### What you need to do
Leaving all pictures out, output exactly and only the line containing "猫と竜 第10話 ツイート画像 1" and the lines that follow it to the end of the material below.

### Exercise data

========

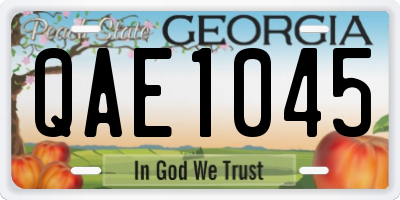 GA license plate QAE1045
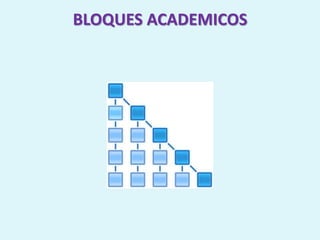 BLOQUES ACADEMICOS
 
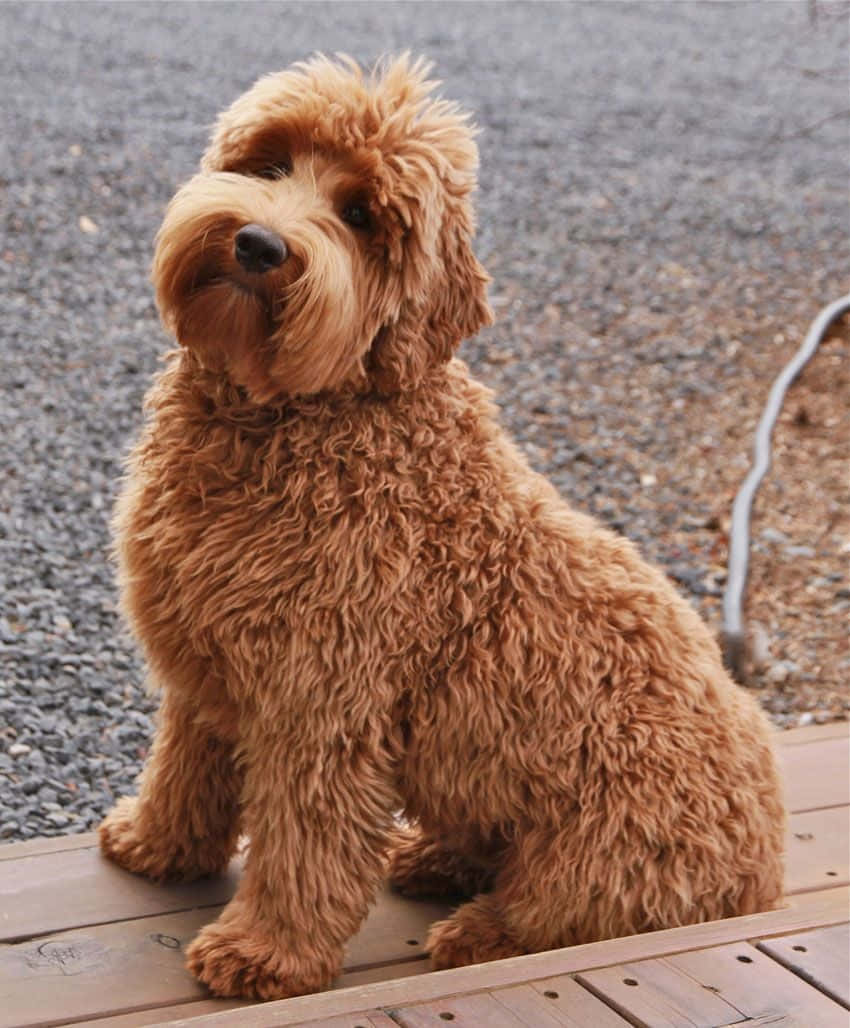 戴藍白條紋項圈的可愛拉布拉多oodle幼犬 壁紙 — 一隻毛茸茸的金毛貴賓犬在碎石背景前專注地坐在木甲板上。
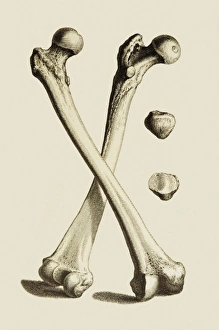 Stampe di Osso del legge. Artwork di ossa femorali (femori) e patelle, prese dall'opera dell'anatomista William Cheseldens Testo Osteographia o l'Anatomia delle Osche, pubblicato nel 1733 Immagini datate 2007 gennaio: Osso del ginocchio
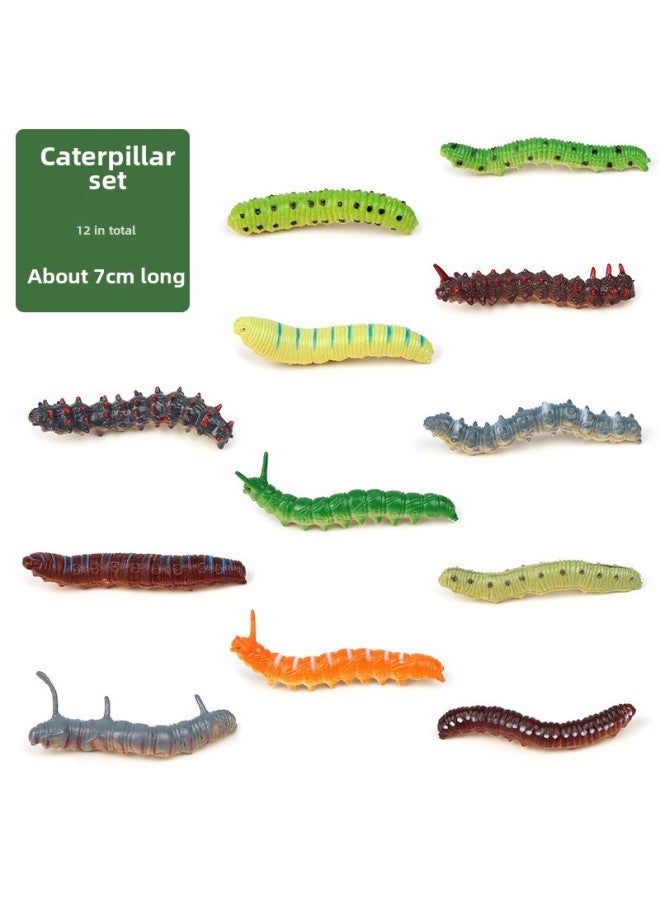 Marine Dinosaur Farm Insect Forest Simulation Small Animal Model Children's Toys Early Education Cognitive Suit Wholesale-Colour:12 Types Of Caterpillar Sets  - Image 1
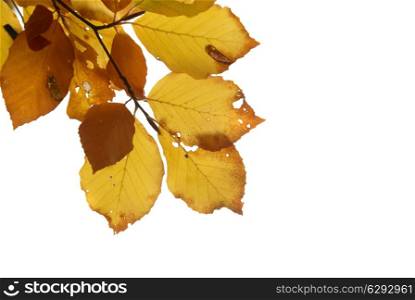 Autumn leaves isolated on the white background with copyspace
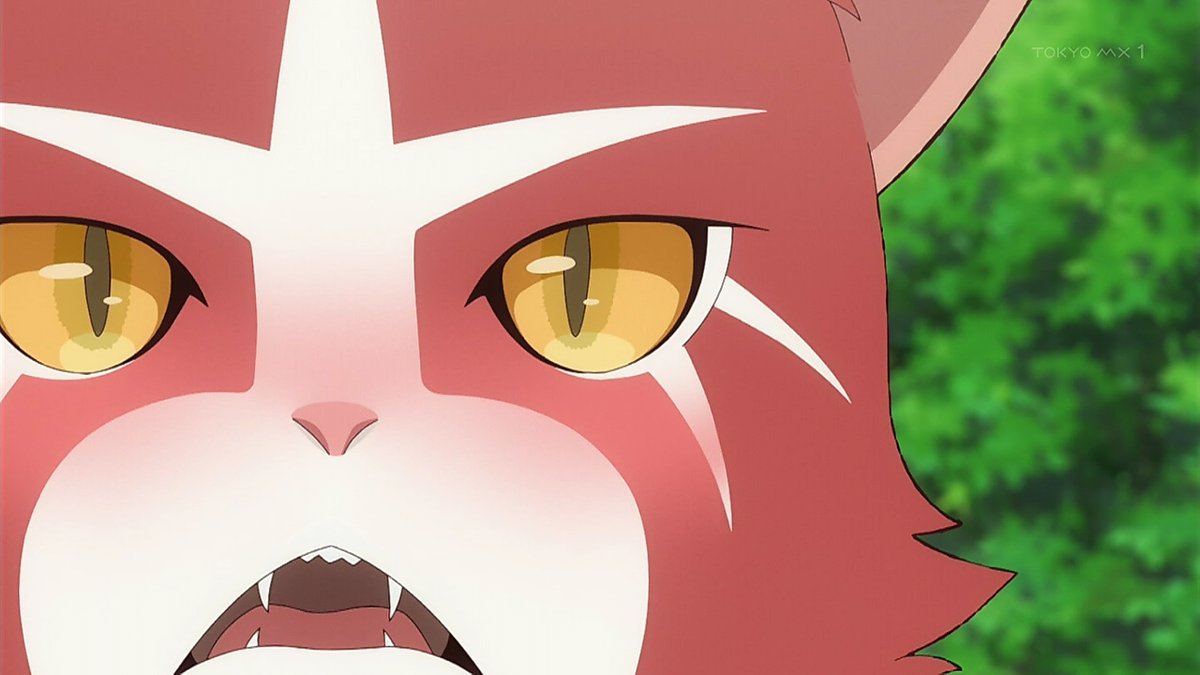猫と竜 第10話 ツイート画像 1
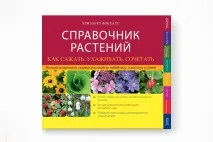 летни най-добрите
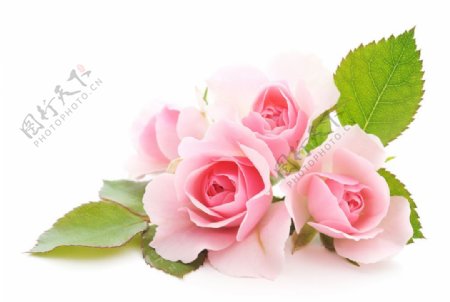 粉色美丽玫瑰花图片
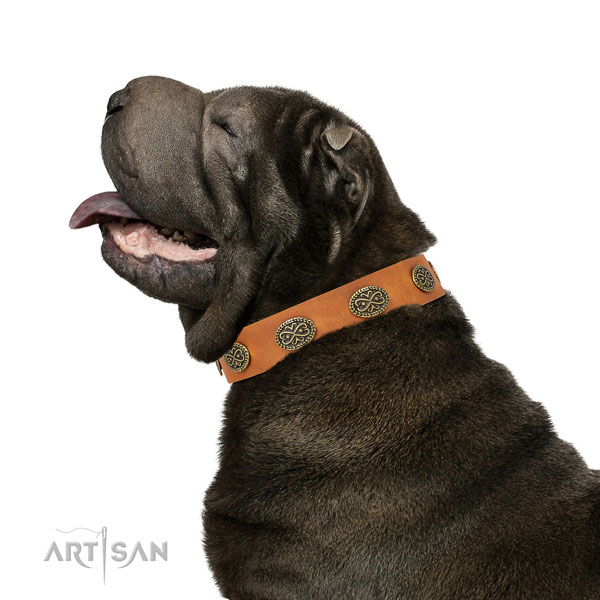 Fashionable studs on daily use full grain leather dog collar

========

### Expected output
猫と竜 第10話 ツイート画像 1
 летни най-добрите
 粉色美丽玫瑰花图片
 Fashionable studs on daily use full grain leather dog collar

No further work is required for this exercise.